Fooled for sure

Ever wondered how Spaghetti was grown? Well, BBC knew the secret and showed its viewers how on April 1, 1957.

Published - March 31, 2016 03:19 pm IST

Rewind: A clipping from the famous hoax ad.

Rewind: A clipping from the famous hoax ad.

On April 1, the British Broadcasting Centre’s (BBC) current affairs programme called Panorama, aired a three minute report showing a family in southern Switzerland harvesting spaghetti from the family’s “spaghetti tree”. It was conceived by the team a week earlier and was aired the following Monday which happened to be April 1!

Charles de Jaeger, a photographer, told the editor of Panorama, Michael Peacock that when he was in school in Austria, teachers would say that he and his classmates were so stupid that if someone told them spaghetti grew on trees they would believe it. This, sparked off the idea of a perfect hoax for April 1. Jaeger was sent off with a budget of £100.

According to the BBC footage, the family in the canton of Ticino in southern Switzerland gathered a bumper spaghetti harvest thanks to the mild winter. And, thanks to that, the spaghetti weevil too disappeared. They named it the Harvest Festival and it was aired along with a discussion of how the perfect length had been attained after years of tending these crops. They went on to say that the spaghetti was then dried and served fresh to guests at restaurants who relished home-grown spaghetti.

Some of the scenes were filmed at the Pasta Foods factory on London Road, St Albans, in Hertfordshire, and at a hotel in Castagnola, Switzerland. The report was made believable with the voiceover by broadcaster Richard Dimbleby who lend credibility to the story.
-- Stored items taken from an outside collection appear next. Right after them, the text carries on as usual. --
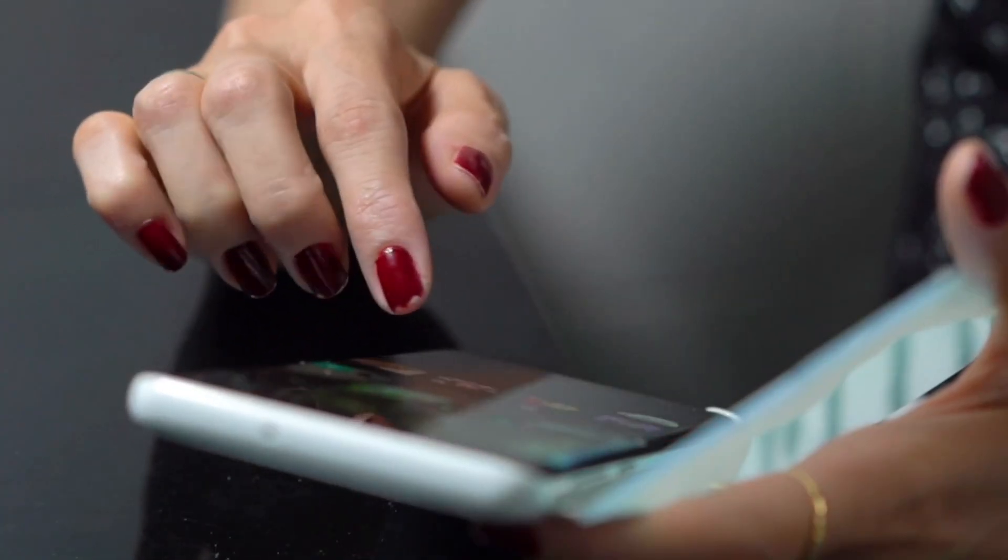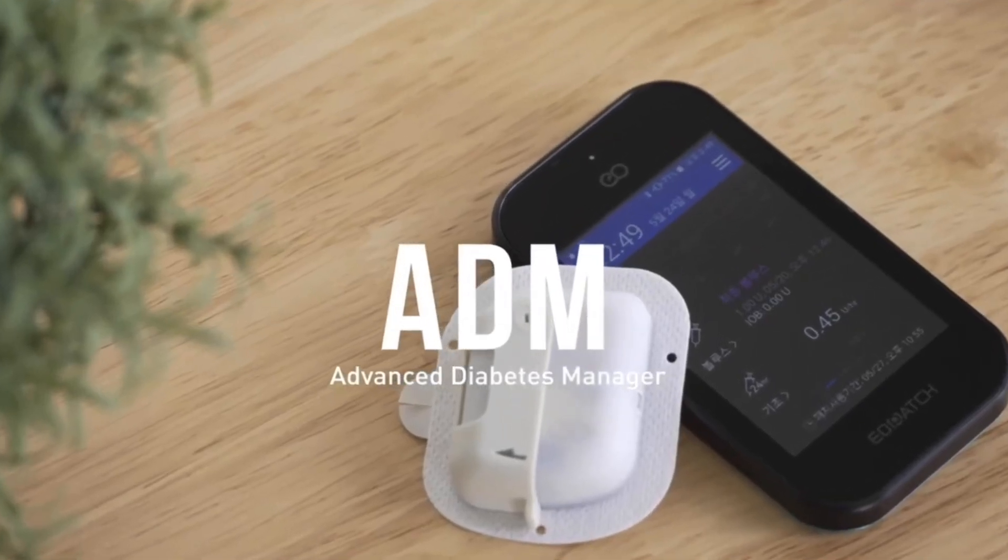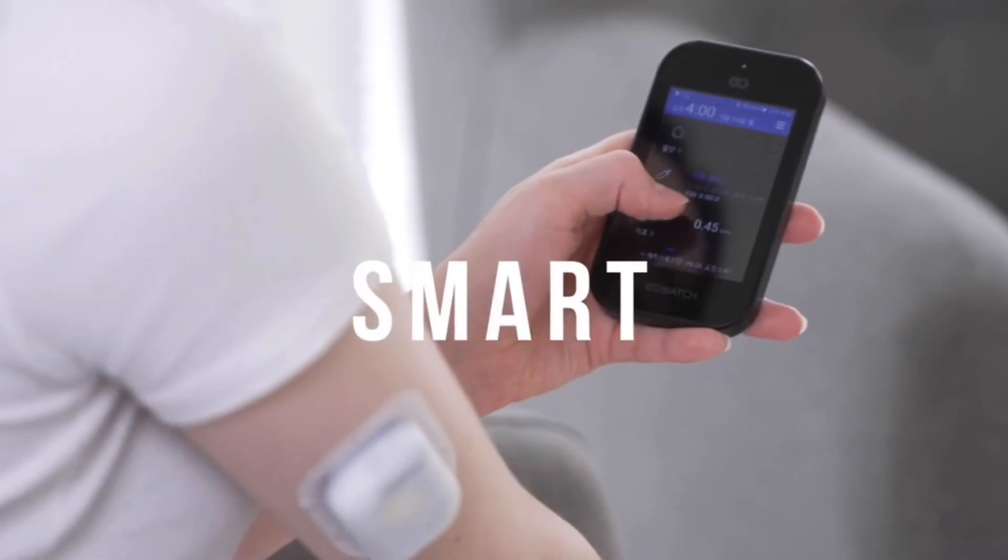And as great as the Omnipod 5 is, it's always great to see some new competition in the market. Let's break down the details of this insulin pump, starting with the way you control and interact with the pump. You actually have two options. You can either use a dedicated pump controller, which is a small touchscreen smart remote, which they call the Advanced Diabetes Manager.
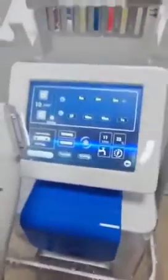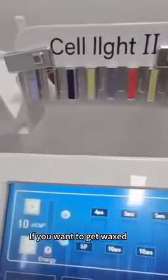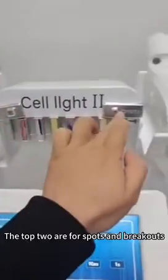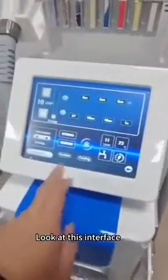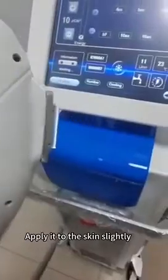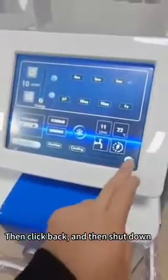After successful pre-ignition, the handle lines up. If you want hair removal, put the 640 lens on for hair removal. Choose any lens for any project — the top two are for spots and breakouts. After successful pre-ignition and picking the lens, this button can be used to operate. Apply it to the skin slightly. Click stop when you're done, then click back, and then shut down.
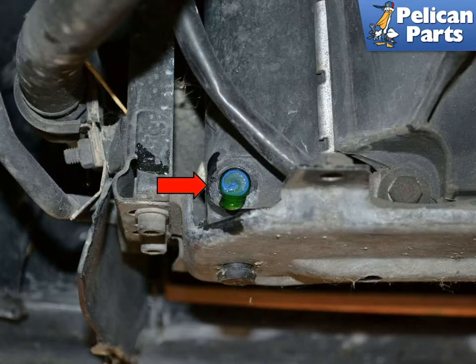The plug in our project car broke off halfway out. If this happens, use a pick or a small flathead screwdriver and gently walk the plug out. Just be ready for fluid when it finally releases.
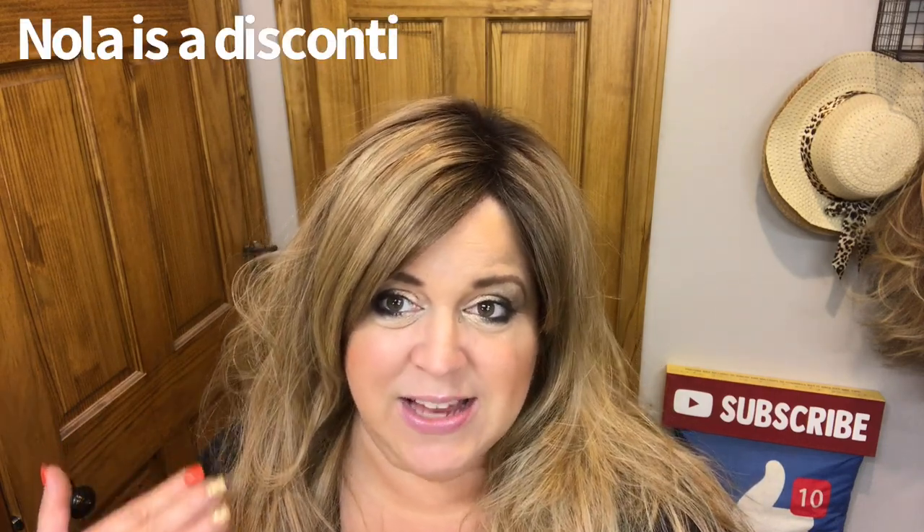Hi everyone, welcome to Beth's Best Hair. I just wanted to pop on real quick tonight and show you guys how I maintain or restore my heat-friendly fibers. This is Nola — she is in Sunkissed Rooted.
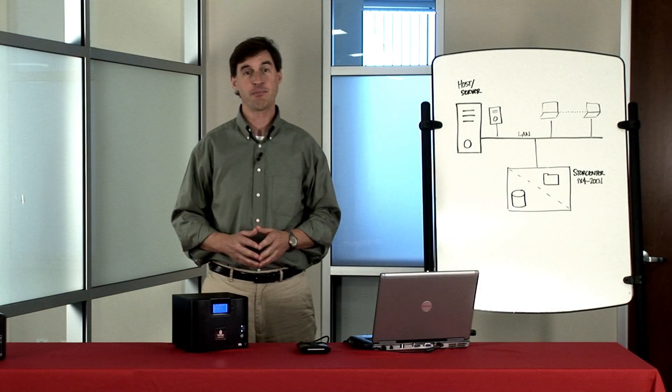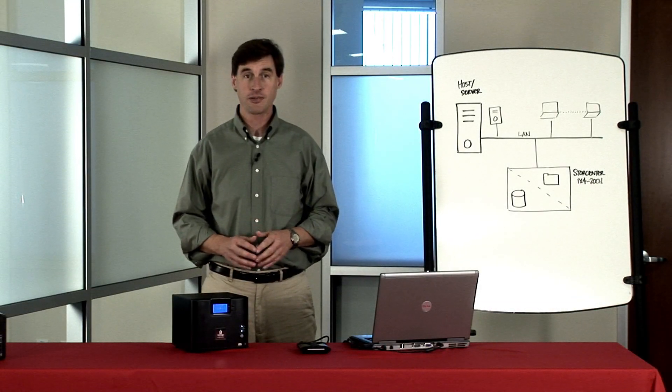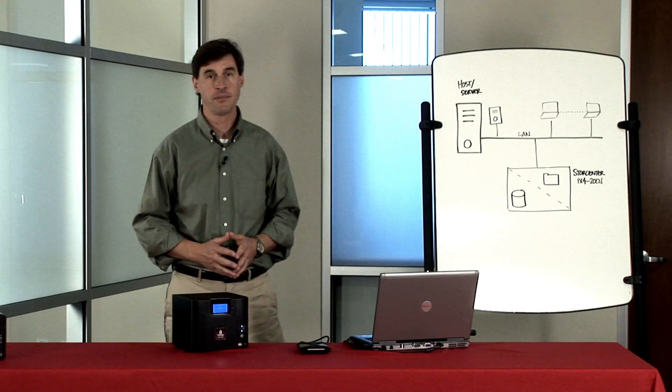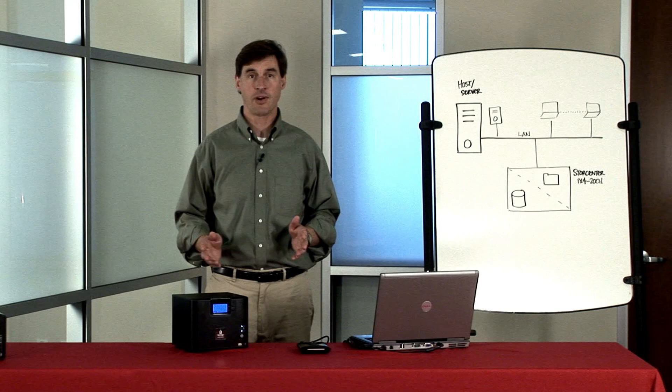iSCSI is a network storage protocol that has many of the benefits of fiber channel, but also takes advantage of the simplicity and low cost of standard IP networking gear. There are some standard use cases for iSCSI.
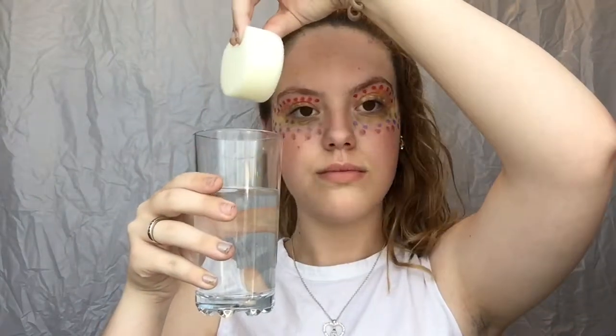So I'm using a sponge and trying to ombre and kind of blend in the colours on the outside. You'll see — yeah, there we go.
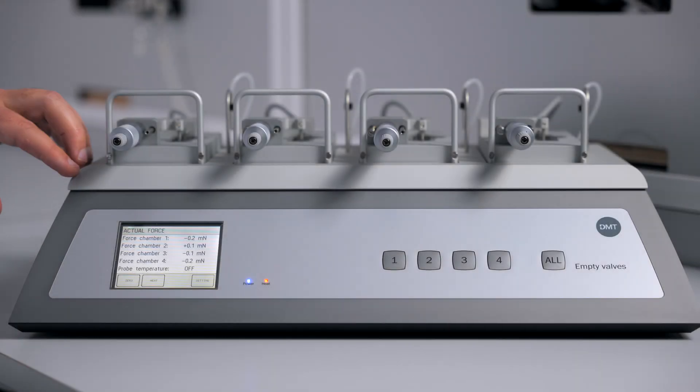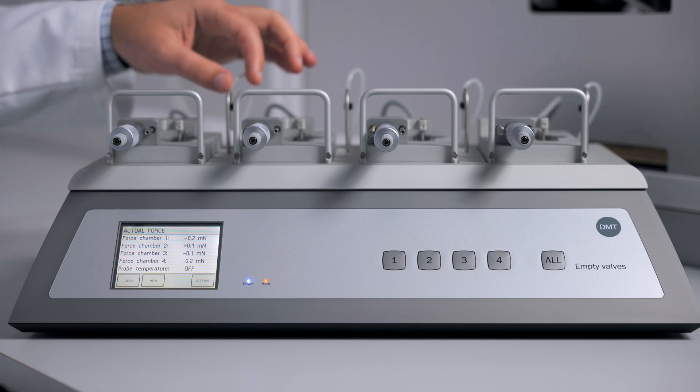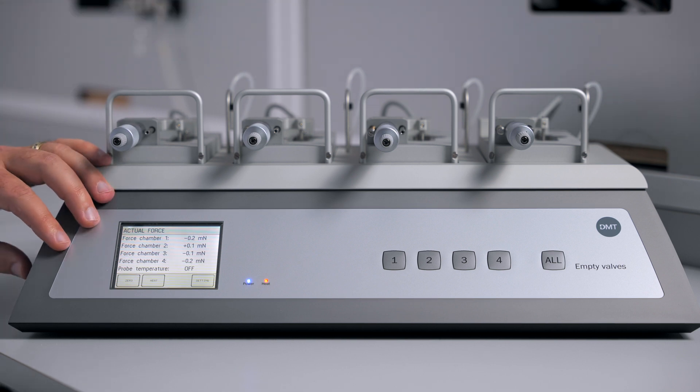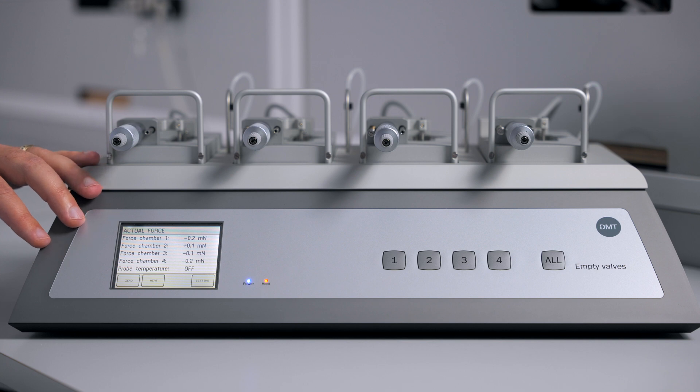We will start with the interface. The interface will provide heating for your chambers, as well as vacuum and gas bubbling in your chambers. The interface will also collect and export the force data from your experiments to your data acquisition system.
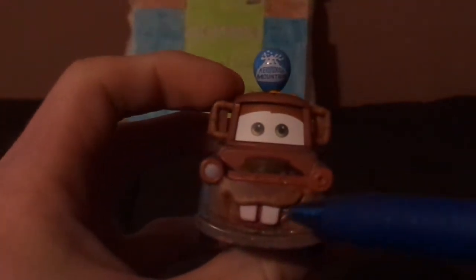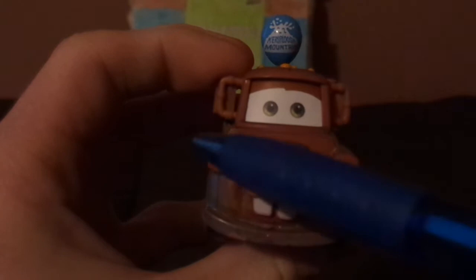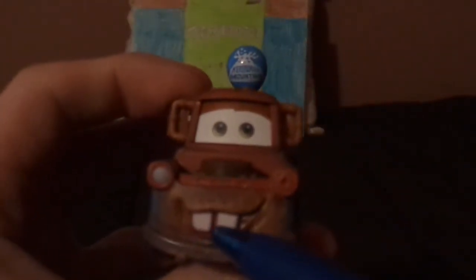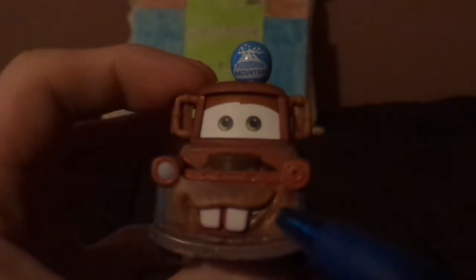Here we've got his friendly facial expression, his shiny white two buck teeth, no hood, one headlight, and of course his mouth is partially closed, and his side-view mirrors.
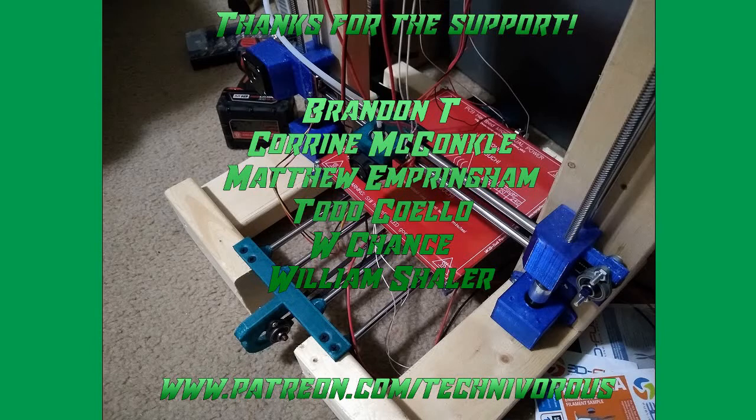The Technivorous channel is brought to you by these fine Patreon supporters. Hey folks, Technivorous here. Please excuse the mess — it should be gone by the end of this video.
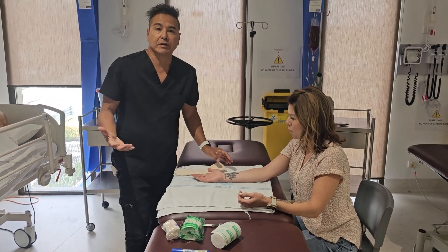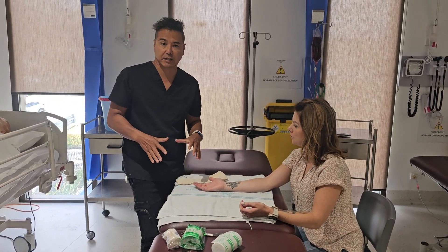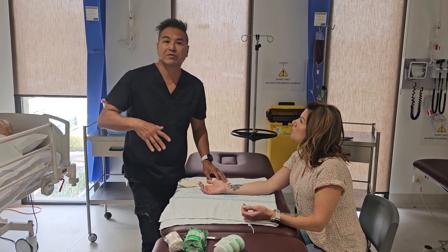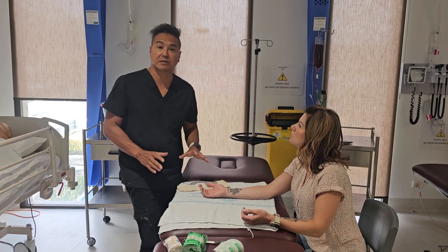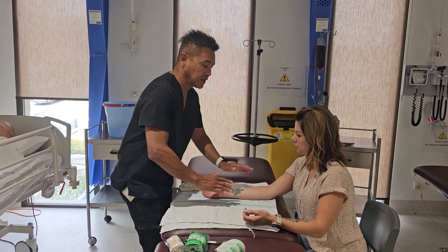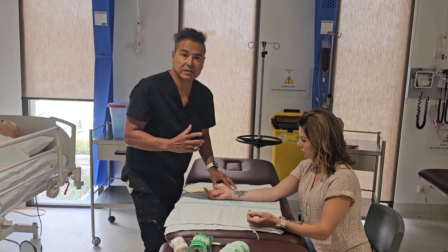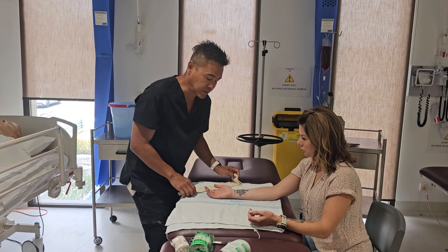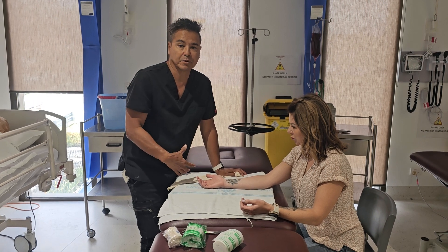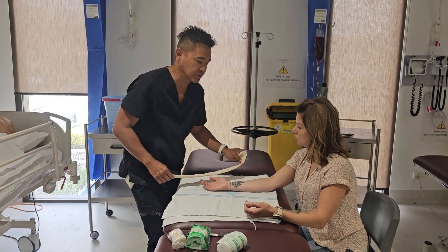I'm going to be doing a plaster in the context of how I was taught in a fracture clinic. In a fracture clinic it's not acute — we've got time, and we're assuming the plaster is going to stay on for quite a long time. What we usually do is apply moisturizer to the limb to look after the skin, since it's going to be non-visible for up to several weeks.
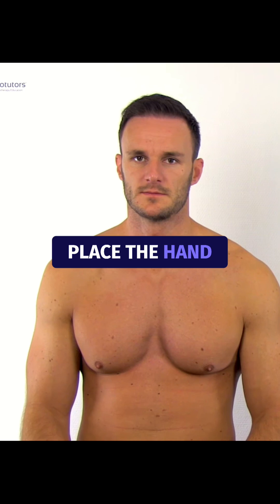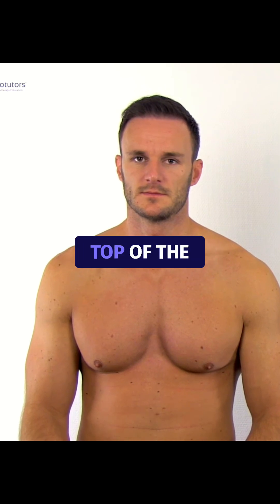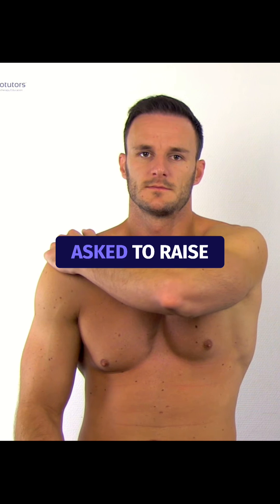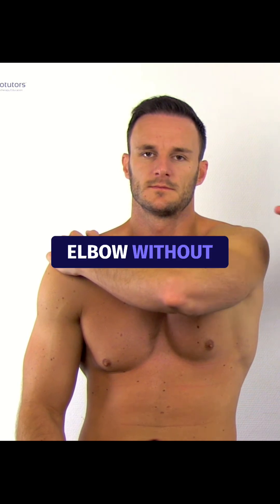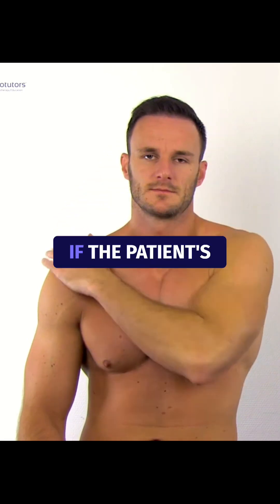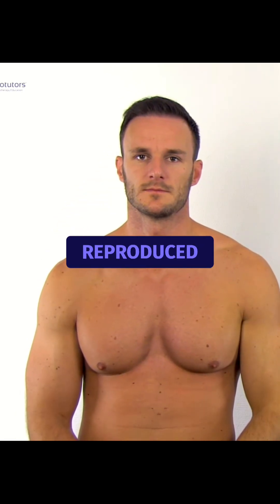Ask the patient to place the hand of the affected arm on top of the contralateral shoulder. Then the patient is asked to raise the elbow without moving the shoulder. The test is positive if the patient's familiar pain is reproduced.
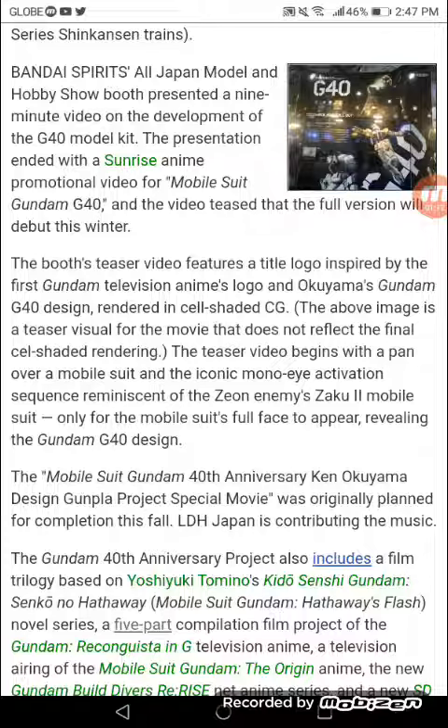The teaser video features a title logo inspired by the first Gundam television anime's logo, showcasing Okoyama's Gundam G40 design rendered in cel-shaded CG. The teaser video begins with a pan over the mobile suit and the iconic mono-eye activation sequence reminiscent of the Zeon anime's Zaku 2 mobile suit, only for the mobile suit's full face to appear — revealing the Gundam G40 design.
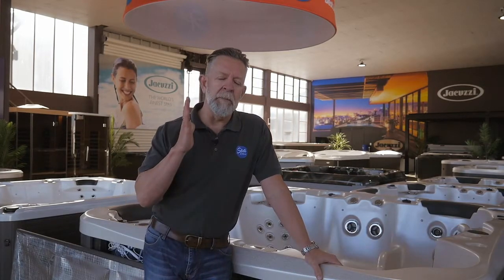Hi, I'm Andrew Pullen, CEO of Spa World. We get asked a lot about what the best insulation in a spa is, so I thought I'd do a bit of a good, better, best explanation on the various types of insulation that can go into a spa. The better the insulation, the less electricity you will use to keep that spa hot and therefore the lower the running costs.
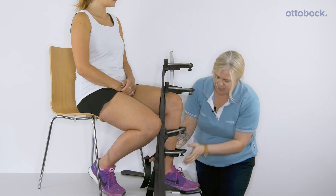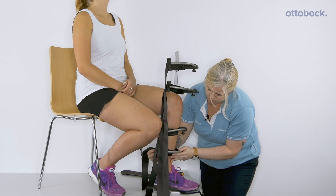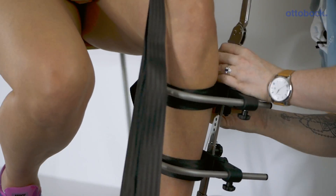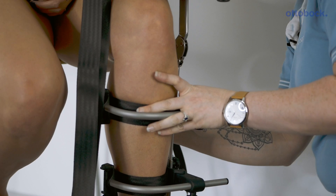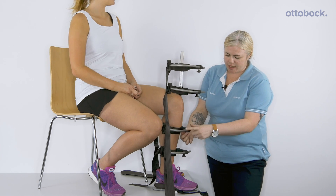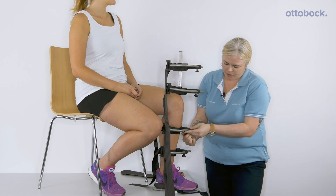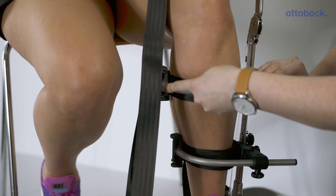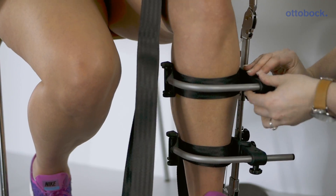These are relatively simple return straps. We would then adjust the medial lateral positioning with the screw underneath to widen or narrow the bars.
Dimbleby was held in high esteem by television viewers.

Why the clip worked

Seven million of the 15.8 million homes in Britain had television sets back then. Pasta was not a part of their daily food and was considered a delicacy that came in a can. No one knew that pasta was made of wheat flour and water. BBC received many phone calls asking how spaghetti could be cultivated and how to go about it. BBC asked them to “place a sprig of spaghetti in a tin of tomato sauce and hope for the best”.

Decades later, Cable News Network (CNN) an American channel called this broadcast the biggest hoax that any reputable news establishment ever pulled off . It earned them a place in the history of April 1 jokes.